> Data
BEGIN

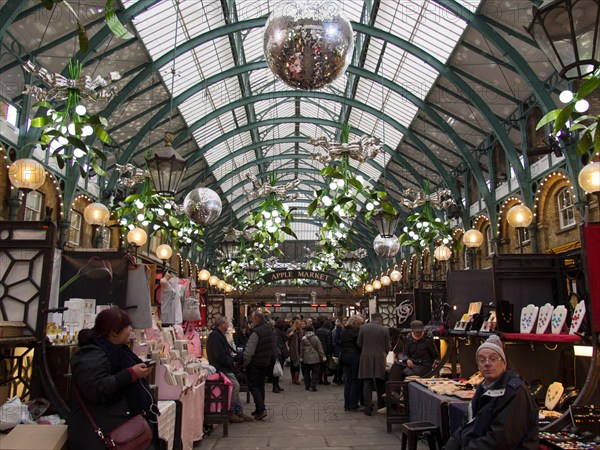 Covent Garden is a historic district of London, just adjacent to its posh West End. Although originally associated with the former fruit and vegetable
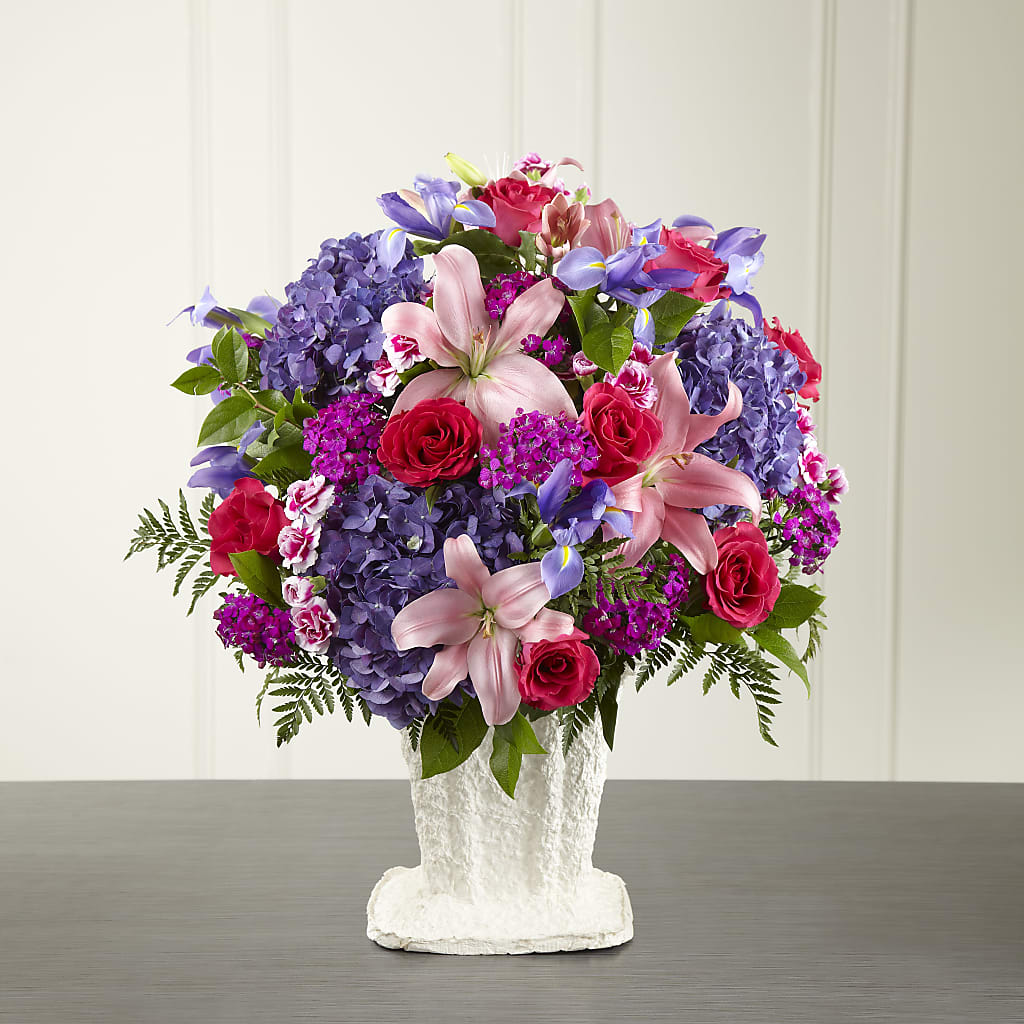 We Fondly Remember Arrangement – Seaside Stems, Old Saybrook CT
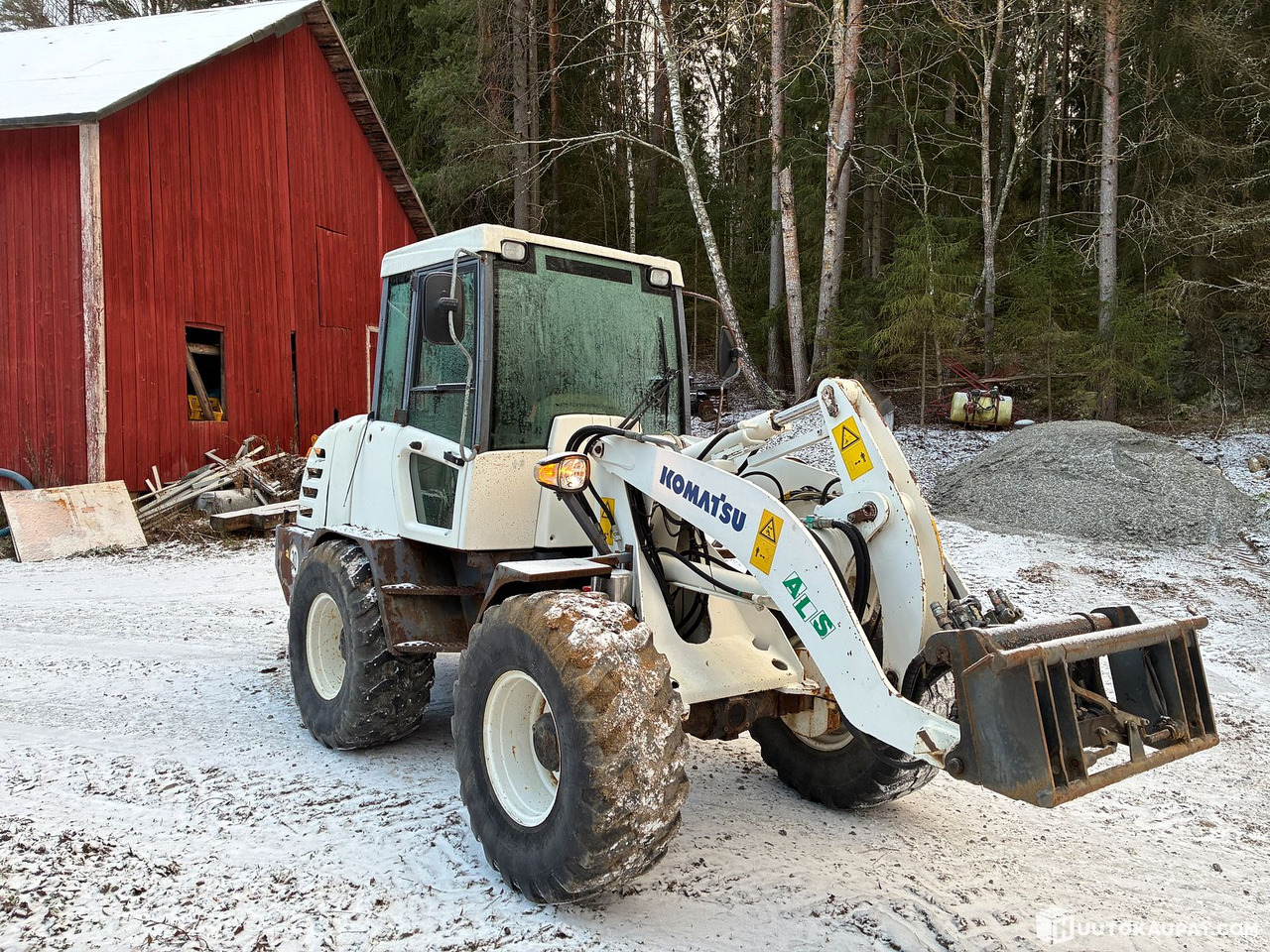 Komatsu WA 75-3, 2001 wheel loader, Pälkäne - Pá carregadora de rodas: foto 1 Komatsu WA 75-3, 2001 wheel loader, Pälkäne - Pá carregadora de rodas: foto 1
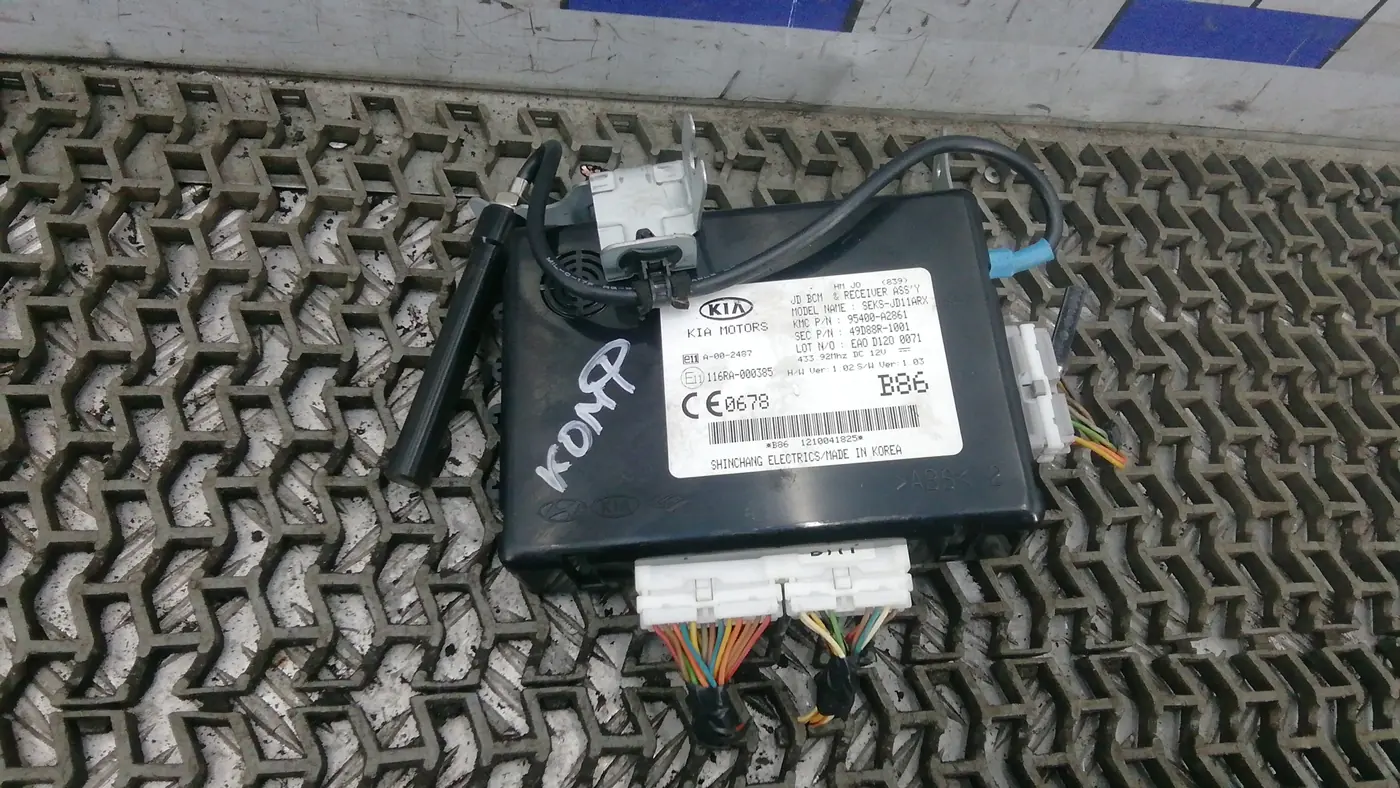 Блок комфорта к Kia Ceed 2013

END
BEGIN

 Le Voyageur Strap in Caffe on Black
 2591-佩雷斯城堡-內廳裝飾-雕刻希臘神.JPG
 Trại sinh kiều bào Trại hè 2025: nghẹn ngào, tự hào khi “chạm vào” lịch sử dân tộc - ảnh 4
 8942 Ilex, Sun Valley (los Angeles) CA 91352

END

> Work to be completed
Exactly the lines above, from the one containing "Covent Garden is" down to the one containing "Блок комфорта к Kia Ceed 2013", are to be repeated, including both ends. Pictures are not part of the copy.

> Result for this exercise
 Covent Garden is a historic district of London, just adjacent to its posh West End. Although originally associated with the former fruit and vegetable
 We Fondly Remember Arrangement – Seaside Stems, Old Saybrook CT
 Komatsu WA 75-3, 2001 wheel loader, Pälkäne - Pá carregadora de rodas: foto 1 Komatsu WA 75-3, 2001 wheel loader, Pälkäne - Pá carregadora de rodas: foto 1
 Блок комфорта к Kia Ceed 2013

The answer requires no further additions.